▶ About this exercise
Exact transcription with no images: write out all of the entries below.
BEGIN
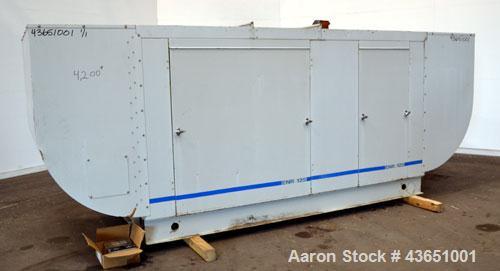 Used Katolite 125 kW Standby Natural Gas Generator Set. Katolight model NL125FPG4 SN-GEN0916DTS. GM 8.1 Liter engine rated 210 HP @ 1800 RPM SN-8.1L-07408. 3/60/120/208V 12 lead reconnectable. 400 Am...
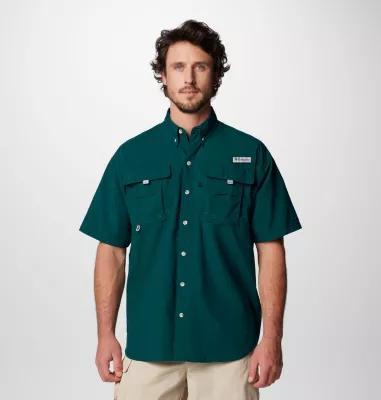 Columbia Men s PFG Bahama II Short Sleeve Shirt- Product Image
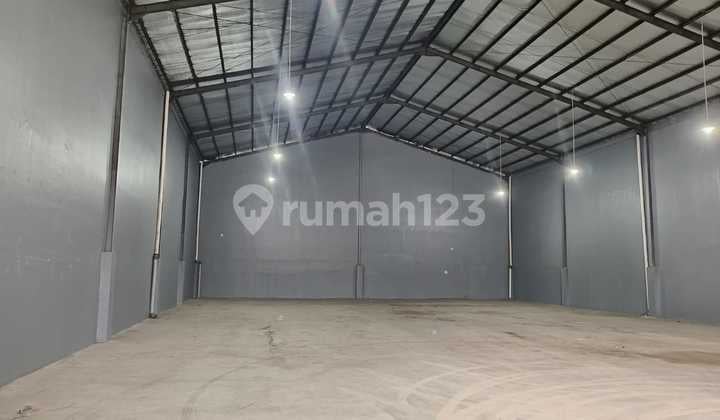 Disewakan Cepat Gudang Murah Cipondoh Siap Pakai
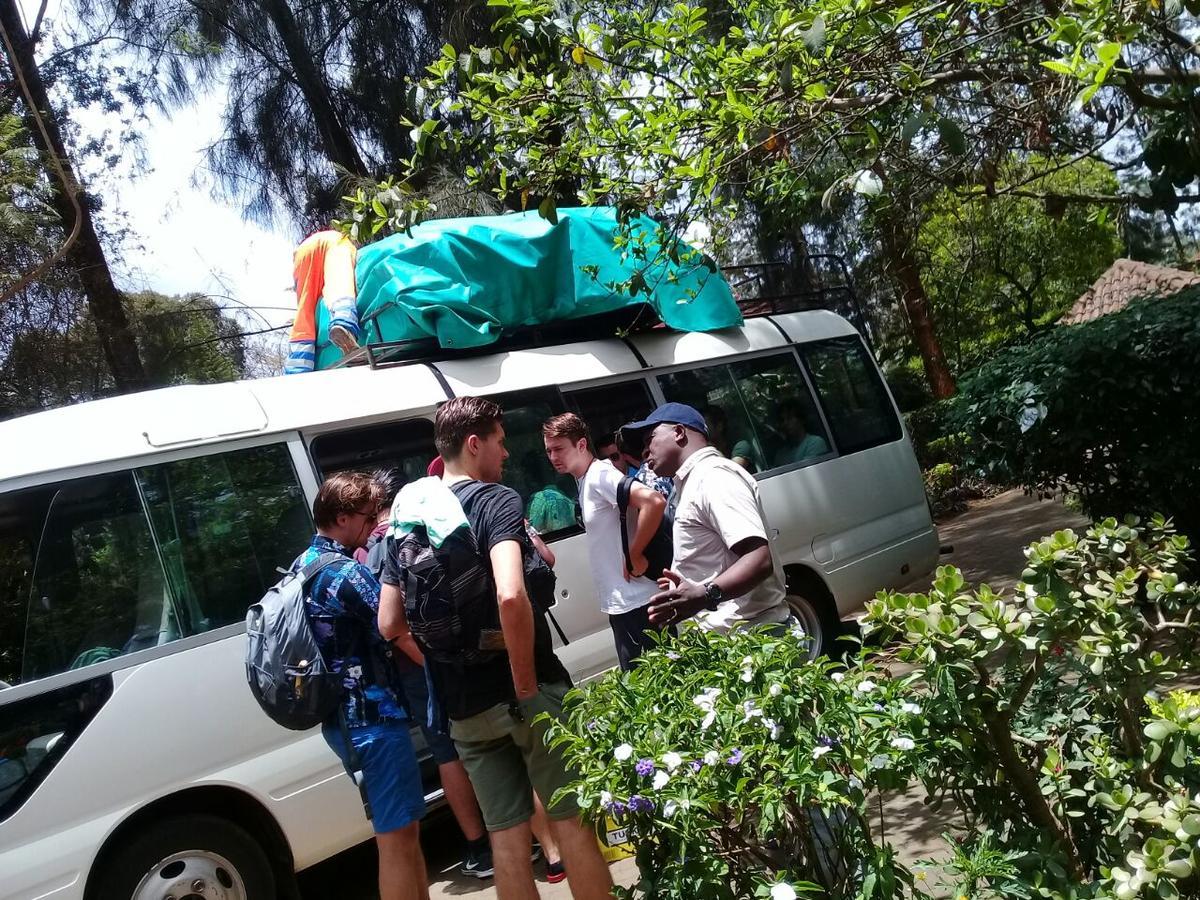 Milimani Backpackers Pansiyon Nairobi Dış mekan fotoğraf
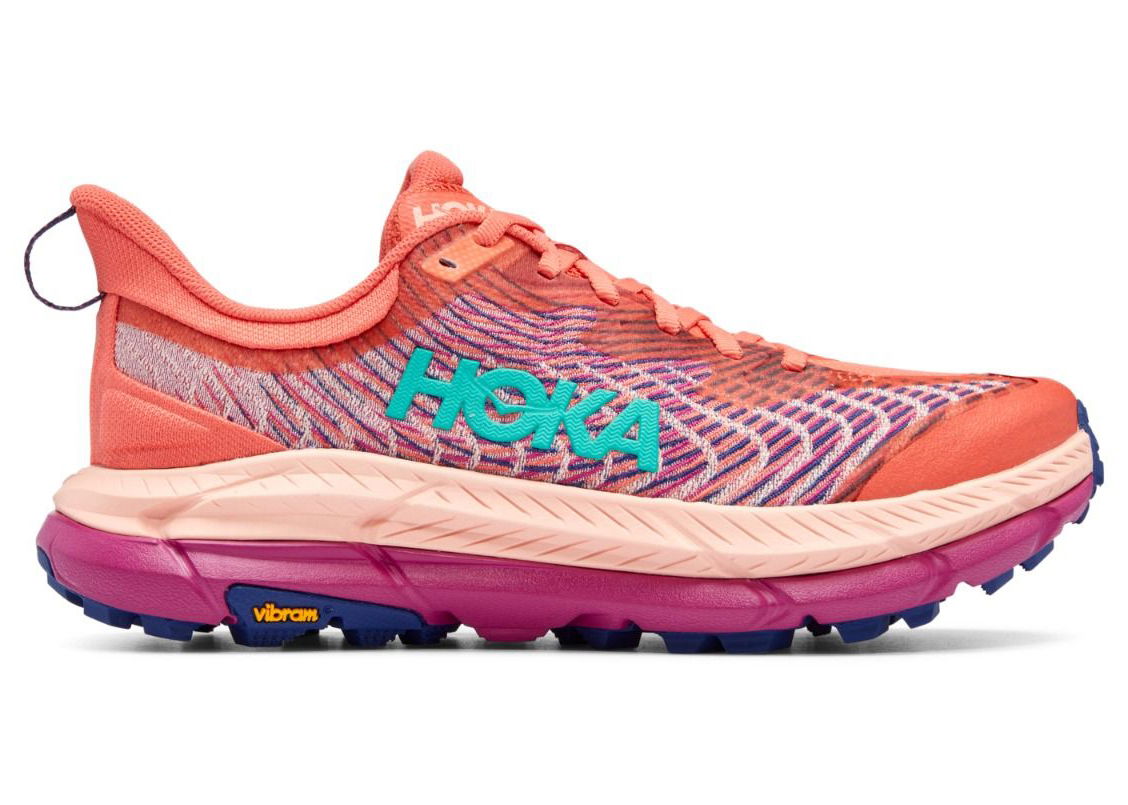 Кецове и обувки Hoka One One Mafate Speed 4 Camellia Peach Parfait W Розово | 1131056-CPPF, 0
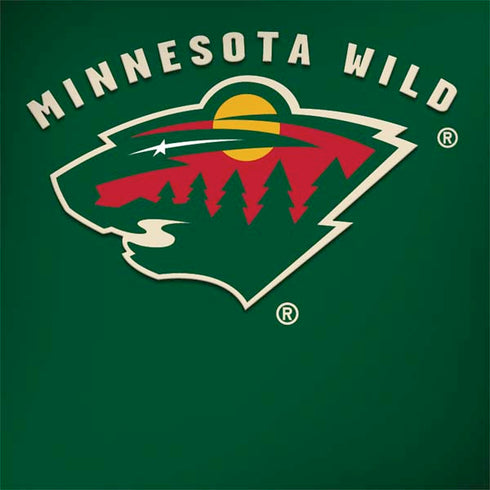 NHL Minnesota Wild Solid Background Galaxy Note 8 Skin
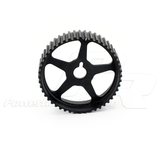 PHR Black Cerakote finished Factory Cam Gear
 - Uses new Factory Cam Gear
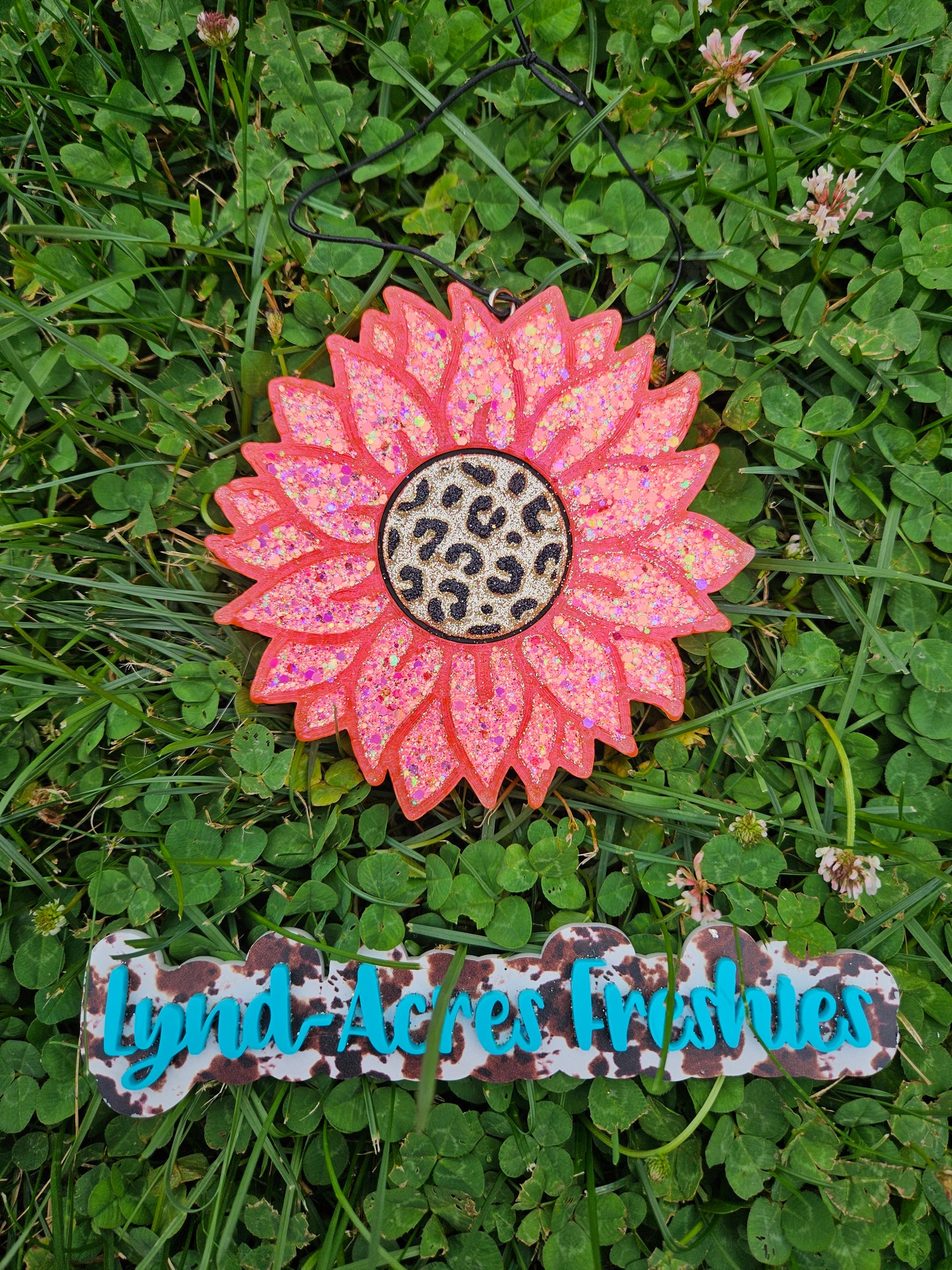 Cheetah Print Flower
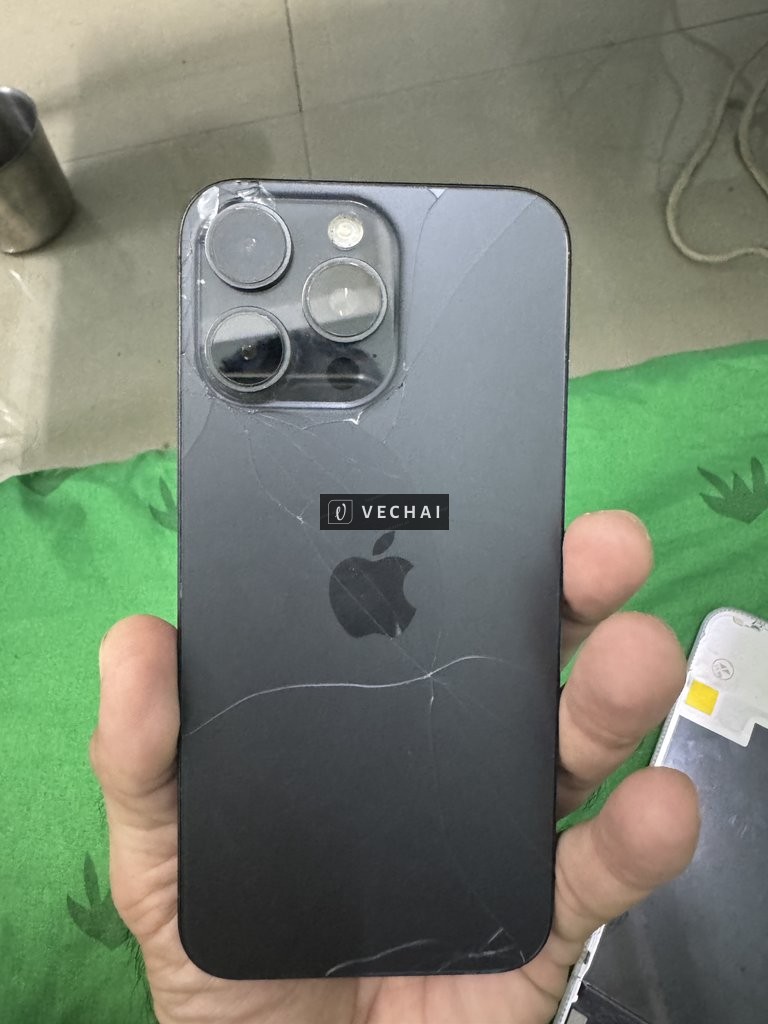 Bán Cụm 15prm Black 256G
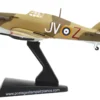 Hawker Hurricane MK II Fighter Aircraft British Royal Air Force 1/100 Diecast Model Airplane Postage Stamp PS5340-3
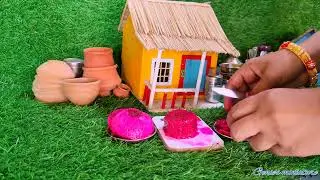 miniature special dragon fruit cake ||  mini dragon cake design🎂🎂|| fruits cake|| GeniesMiniature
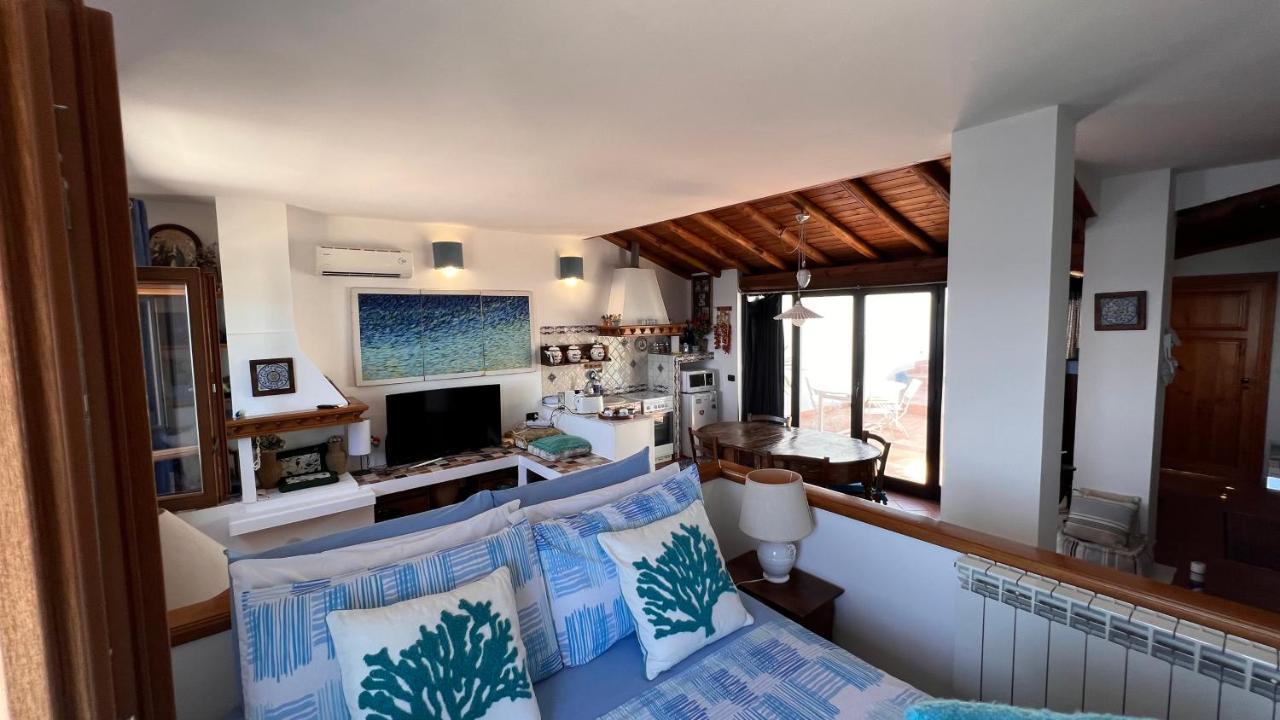 Attico Vista Mare Trapani 아파트 외부 사진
END
▶ Solution to the problem
 Used Katolite 125 kW Standby Natural Gas Generator Set. Katolight model NL125FPG4 SN-GEN0916DTS. GM 8.1 Liter engine rated 210 HP @ 1800 RPM SN-8.1L-07408. 3/60/120/208V 12 lead reconnectable. 400 Am...
 Columbia Men s PFG Bahama II Short Sleeve Shirt- Product Image
 Disewakan Cepat Gudang Murah Cipondoh Siap Pakai
 Milimani Backpackers Pansiyon Nairobi Dış mekan fotoğraf
 Кецове и обувки Hoka One One Mafate Speed 4 Camellia Peach Parfait W Розово | 1131056-CPPF, 0
 NHL Minnesota Wild Solid Background Galaxy Note 8 Skin
 PHR Black Cerakote finished Factory Cam Gear
 - Uses new Factory Cam Gear
 Cheetah Print Flower
 Bán Cụm 15prm Black 256G
 Hawker Hurricane MK II Fighter Aircraft British Royal Air Force 1/100 Diecast Model Airplane Postage Stamp PS5340-3
 miniature special dragon fruit cake ||  mini dragon cake design🎂🎂|| fruits cake|| GeniesMiniature
 Attico Vista Mare Trapani 아파트 외부 사진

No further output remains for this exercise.